Che cosa è stato studiato
È noto che le persone di origine africana hanno una probabilità più alta di avere ipertensione (pressione alta) e livelli più bassi nel sangue di 25-idrossivitamina D (chiamata anche 25iD), una forma di vitamina D nel corpo.
Un gruppo di ricercatori ha voluto capire se prendere integratori di vitamina D potesse influenzare la pressione arteriosa in queste persone.
Come è stato condotto lo studio
- Dal 2008 al 2010 sono stati coinvolti 283 adulti di origine africana, con età media di 51 anni.
- Le persone sono state divise casualmente in quattro gruppi, senza sapere quale trattamento stavano ricevendo (studio "doppio cieco").
- Per 3 mesi hanno assunto ogni giorno una delle seguenti dosi: placebo (senza principio attivo), 1000, 2000 o 4000 unità internazionali (UI) di colecalciferolo (vitamina D).
- Prima e dopo i 3 mesi sono stati misurati la pressione arteriosa sistolica (la pressione quando il cuore batte), la pressione diastolica (pressione quando il cuore è a riposo) e i livelli nel sangue di 25iD.
Risultati principali
- Chi ha preso il placebo ha avuto un leggero aumento della pressione sistolica (+1,7 mmHg).
- Chi ha preso 1000 UI di vitamina D ha avuto una piccola riduzione (-0,66 mmHg).
- Con 2000 UI la riduzione è stata più evidente (-3,4 mmHg).
- Con 4000 UI la riduzione è stata ancora maggiore (-4,0 mmHg).
- In media, ogni 1000 UI in più di vitamina D assunta ha portato a una riduzione di 1,4 mmHg della pressione sistolica.
- Inoltre, ogni aumento di 1 ng/ml nel livello di 25iD nel sangue ha portato a una riduzione di 0,2 mmHg della pressione sistolica.

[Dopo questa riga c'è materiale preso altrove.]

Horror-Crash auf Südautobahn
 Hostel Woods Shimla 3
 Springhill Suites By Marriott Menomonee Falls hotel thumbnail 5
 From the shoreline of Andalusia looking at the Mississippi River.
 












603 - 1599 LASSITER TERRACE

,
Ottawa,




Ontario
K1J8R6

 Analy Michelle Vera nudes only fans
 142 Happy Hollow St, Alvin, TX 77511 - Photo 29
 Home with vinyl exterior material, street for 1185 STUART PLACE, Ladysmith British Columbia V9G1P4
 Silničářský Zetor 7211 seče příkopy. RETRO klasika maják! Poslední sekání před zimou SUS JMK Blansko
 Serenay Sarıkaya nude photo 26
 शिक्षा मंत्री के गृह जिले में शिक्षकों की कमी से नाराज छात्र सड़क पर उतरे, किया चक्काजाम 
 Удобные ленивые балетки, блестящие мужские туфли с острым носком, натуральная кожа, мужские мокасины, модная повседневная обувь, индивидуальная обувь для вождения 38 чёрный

- La vitamina D non ha avuto effetti sulla pressione diastolica.
Che cosa significa
Questi risultati suggeriscono che aumentare i livelli di vitamina D nel sangue, tramite integratori, può aiutare a ridurre la pressione arteriosa sistolica, che è un importante fattore di rischio per problemi cardiaci.
La riduzione osservata è modesta ma significativa, e potrebbe essere particolarmente utile in persone con livelli bassi di vitamina D e pressione alta.
In conclusione
L’assunzione di colecalciferolo (vitamina D) in dosi crescenti è associata a una riduzione della pressione arteriosa sistolica nelle persone di origine africana, senza influenzare la pressione diastolica. Ogni aumento dei livelli di vitamina D nel sangue contribuisce a una diminuzione della pressione sistolica, suggerendo un possibile beneficio nel controllo dell’ipertensione in questa popolazione.